The Vice Obscured By Apple’s Virtue
Mark Zuckerberg has found himself on the wrong side of a morality play. In the face of the insanity of January 6, the business model that Facebook has helped perfect is now being rendered as the technology that will end free society. Constant “surveillance” for the purpose of better selling ads — Facebook’s core business model—is claimed to be a recipe for social disaster, because, in the context of news, that business model does best when it renders us most crazy. Newsfeeds are spiked with content designed to drive ever more vigorous engagement. That engagement has a cost, socially, even if it has a benefit for Facebook.
Apple has become the hero in this morality play. Leveraging its power over the iOS platform, it has deployed technologies to bust up the Facebook business model. In every context it can, Apple highlights the dignity cost in this constant surveillance by the “data industrial complex,” as Apple’s Tim Cook has described it. If Apple wins this fight, surveillance-driven advertising will be less profitable everywhere.
There is no doubt that surveillance-driven advertising is socially costly — in some contexts. But equally, without doubt, surveillance-driven advertising is socially beneficial in other contexts.
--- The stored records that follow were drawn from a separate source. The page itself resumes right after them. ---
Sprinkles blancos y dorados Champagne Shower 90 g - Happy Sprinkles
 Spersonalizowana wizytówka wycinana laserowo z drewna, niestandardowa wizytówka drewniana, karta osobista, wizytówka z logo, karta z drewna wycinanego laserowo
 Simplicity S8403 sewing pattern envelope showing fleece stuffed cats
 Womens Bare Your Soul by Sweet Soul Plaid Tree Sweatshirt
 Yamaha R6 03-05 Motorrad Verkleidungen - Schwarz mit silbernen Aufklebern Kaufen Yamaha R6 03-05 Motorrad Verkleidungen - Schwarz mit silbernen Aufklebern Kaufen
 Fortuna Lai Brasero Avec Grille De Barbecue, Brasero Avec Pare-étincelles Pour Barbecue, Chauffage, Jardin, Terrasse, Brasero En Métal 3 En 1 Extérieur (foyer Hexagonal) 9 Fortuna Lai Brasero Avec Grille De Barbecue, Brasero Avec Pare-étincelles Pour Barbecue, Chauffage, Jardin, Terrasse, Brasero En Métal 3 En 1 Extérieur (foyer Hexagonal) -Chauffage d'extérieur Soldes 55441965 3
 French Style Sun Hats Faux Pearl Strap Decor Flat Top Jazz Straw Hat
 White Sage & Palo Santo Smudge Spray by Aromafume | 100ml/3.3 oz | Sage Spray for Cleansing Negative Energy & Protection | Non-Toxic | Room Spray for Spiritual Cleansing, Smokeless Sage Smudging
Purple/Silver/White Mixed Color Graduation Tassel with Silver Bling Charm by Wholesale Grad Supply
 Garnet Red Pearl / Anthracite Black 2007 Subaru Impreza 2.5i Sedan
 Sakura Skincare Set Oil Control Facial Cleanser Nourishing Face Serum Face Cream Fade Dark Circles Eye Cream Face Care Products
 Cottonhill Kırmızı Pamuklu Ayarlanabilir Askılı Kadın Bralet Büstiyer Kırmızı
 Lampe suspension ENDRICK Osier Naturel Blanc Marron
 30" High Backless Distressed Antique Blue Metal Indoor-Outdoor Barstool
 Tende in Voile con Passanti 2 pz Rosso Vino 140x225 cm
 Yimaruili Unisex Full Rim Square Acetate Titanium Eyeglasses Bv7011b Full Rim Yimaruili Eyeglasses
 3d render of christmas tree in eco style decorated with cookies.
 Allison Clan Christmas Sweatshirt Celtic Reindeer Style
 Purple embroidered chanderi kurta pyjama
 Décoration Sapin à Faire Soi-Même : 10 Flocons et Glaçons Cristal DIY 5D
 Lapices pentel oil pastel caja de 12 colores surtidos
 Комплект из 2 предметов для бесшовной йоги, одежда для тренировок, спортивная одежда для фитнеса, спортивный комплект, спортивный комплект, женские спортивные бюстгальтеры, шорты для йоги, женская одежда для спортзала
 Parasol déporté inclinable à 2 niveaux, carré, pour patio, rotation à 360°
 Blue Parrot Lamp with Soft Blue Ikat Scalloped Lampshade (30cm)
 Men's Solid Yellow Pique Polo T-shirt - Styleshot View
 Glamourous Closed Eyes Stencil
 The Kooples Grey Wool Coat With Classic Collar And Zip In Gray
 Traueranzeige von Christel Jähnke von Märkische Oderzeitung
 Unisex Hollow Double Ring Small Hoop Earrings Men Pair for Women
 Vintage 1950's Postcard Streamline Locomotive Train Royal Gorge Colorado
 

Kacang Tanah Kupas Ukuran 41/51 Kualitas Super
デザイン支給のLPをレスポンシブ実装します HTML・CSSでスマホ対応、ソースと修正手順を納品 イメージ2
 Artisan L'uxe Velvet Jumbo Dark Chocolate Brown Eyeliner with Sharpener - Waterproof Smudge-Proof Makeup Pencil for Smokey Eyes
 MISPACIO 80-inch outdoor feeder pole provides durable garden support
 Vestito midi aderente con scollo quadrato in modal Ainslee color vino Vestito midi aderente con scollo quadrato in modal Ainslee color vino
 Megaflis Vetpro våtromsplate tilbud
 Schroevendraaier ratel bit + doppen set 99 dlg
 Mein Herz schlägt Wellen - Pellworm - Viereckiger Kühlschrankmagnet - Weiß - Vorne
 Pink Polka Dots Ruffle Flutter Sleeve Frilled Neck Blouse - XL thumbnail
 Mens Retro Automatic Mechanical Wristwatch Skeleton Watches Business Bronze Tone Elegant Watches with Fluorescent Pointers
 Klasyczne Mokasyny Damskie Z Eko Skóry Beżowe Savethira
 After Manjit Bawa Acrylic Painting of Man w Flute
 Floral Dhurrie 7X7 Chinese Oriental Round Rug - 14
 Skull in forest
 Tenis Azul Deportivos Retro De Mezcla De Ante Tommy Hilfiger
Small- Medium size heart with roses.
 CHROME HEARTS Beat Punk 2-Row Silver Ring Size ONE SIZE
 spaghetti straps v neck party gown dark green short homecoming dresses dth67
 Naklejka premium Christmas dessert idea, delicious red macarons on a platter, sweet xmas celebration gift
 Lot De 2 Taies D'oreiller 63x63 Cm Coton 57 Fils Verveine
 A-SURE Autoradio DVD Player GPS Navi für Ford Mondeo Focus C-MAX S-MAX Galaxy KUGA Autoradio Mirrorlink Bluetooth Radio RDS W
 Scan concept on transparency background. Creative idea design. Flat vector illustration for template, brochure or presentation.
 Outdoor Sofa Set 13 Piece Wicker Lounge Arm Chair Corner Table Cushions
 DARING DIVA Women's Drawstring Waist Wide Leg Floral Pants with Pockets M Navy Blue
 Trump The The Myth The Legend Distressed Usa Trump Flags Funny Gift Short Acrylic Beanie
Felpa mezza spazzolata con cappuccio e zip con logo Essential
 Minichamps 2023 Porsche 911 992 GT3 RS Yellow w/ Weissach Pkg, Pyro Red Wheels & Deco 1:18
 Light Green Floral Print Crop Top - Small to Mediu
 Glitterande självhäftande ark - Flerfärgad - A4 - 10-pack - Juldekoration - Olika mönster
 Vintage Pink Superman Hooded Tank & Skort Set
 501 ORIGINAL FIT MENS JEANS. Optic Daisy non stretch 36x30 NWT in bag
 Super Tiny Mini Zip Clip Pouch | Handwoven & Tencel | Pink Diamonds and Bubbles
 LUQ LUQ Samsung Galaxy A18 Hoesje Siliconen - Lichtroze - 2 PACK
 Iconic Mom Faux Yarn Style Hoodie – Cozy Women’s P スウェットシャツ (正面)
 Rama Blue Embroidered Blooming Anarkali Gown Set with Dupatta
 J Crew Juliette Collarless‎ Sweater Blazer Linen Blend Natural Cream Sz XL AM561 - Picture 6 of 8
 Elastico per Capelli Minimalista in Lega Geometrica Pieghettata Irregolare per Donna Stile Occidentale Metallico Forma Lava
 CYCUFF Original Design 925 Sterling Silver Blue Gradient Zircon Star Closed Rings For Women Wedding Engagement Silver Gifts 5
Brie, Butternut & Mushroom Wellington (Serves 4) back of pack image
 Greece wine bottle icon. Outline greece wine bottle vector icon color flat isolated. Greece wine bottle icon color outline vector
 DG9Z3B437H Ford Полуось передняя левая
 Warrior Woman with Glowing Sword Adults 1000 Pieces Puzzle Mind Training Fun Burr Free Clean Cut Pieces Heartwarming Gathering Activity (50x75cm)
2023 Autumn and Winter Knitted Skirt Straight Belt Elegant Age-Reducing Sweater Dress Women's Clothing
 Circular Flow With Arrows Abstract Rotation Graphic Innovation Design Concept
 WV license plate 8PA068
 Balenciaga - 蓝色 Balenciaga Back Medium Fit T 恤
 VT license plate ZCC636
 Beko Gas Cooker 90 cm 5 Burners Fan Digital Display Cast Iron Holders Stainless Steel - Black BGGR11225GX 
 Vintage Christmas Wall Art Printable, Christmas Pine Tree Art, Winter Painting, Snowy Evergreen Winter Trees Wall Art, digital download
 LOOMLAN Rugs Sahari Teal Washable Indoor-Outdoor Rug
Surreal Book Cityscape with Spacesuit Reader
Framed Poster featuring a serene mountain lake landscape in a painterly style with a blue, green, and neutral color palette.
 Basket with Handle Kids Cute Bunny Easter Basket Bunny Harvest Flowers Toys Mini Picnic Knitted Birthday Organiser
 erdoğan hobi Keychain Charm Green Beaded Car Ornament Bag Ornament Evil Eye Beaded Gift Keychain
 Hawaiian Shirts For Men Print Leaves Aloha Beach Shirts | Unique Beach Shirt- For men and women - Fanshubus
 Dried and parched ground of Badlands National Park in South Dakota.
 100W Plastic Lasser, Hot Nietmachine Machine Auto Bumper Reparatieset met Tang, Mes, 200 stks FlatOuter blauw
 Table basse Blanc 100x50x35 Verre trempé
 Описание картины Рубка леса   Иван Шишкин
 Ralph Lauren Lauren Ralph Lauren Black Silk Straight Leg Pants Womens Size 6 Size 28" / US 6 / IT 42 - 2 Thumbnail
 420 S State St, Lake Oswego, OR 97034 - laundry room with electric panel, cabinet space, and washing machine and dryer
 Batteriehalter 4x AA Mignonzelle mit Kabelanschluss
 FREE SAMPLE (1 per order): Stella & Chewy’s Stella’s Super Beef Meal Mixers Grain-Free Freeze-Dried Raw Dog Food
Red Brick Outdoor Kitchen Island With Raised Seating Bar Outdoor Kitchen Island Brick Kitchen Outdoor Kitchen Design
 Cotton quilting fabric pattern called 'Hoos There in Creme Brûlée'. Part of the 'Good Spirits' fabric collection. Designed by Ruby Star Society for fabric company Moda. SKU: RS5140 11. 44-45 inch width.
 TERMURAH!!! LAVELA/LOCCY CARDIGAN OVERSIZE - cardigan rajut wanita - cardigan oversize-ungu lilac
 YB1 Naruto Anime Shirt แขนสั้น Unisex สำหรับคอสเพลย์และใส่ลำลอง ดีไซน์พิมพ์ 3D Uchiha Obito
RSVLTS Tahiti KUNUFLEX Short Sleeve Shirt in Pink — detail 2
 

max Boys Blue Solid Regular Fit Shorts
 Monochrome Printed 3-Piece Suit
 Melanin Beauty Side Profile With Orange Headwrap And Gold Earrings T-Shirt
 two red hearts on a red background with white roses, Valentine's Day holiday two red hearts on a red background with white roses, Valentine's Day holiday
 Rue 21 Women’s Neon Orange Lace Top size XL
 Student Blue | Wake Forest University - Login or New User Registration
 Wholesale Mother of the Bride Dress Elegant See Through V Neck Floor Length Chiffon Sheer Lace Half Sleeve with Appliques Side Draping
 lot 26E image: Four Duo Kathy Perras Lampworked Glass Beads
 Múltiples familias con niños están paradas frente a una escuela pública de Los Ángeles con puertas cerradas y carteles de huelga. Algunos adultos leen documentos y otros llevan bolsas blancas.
That Netflix understands which movies my family is likely to like is a good thing — even if Netflix “learned” that by “surveilling” us as we watched our movies. The same with Amazon and books. And likewise with advertising as I search the web. It is a good thing that I no longer see ads for diapers. That was a happy stage in our family’s life; we’re all very happy to have moved beyond it, and grateful that the spies wired into our iPhones know that we’ve moved beyond it.
That private good, however, does not excuse the social bad that gets produced by these same technologies in the context of our role as citizens. It is a genuinely awful thing that the platforms that serve us information about hiking boots are optimized to feed our polarized ignorance when engaging us about politics. No doubt, Facebook needs to think more effectively about how best to enable efficient commerce without feeding the polarizing partisanship that marks our political age. What’s good on the commerce channel is not good on the citizenship channel.
Yet Apple has its own vices too. Its business model may not be advertising, but that doesn’t mean that its business model is not trading on the same weaknesses in human — especially child—psychology. Apple profits from engagement with its devices and its software. It has doubled down on expanding its gaming services while providing the technology to serve the endless demands of social media. Those technologies are designed to addict their users. As engineer-activist Tristan Harris describes, engineers spend endless effort to find the perfect mix of random rewards and bottomless-pit content to make resisting the technology more and more difficult. Apple’s products give access to these addicting technologies — and profit, the more we, or our kids, use them.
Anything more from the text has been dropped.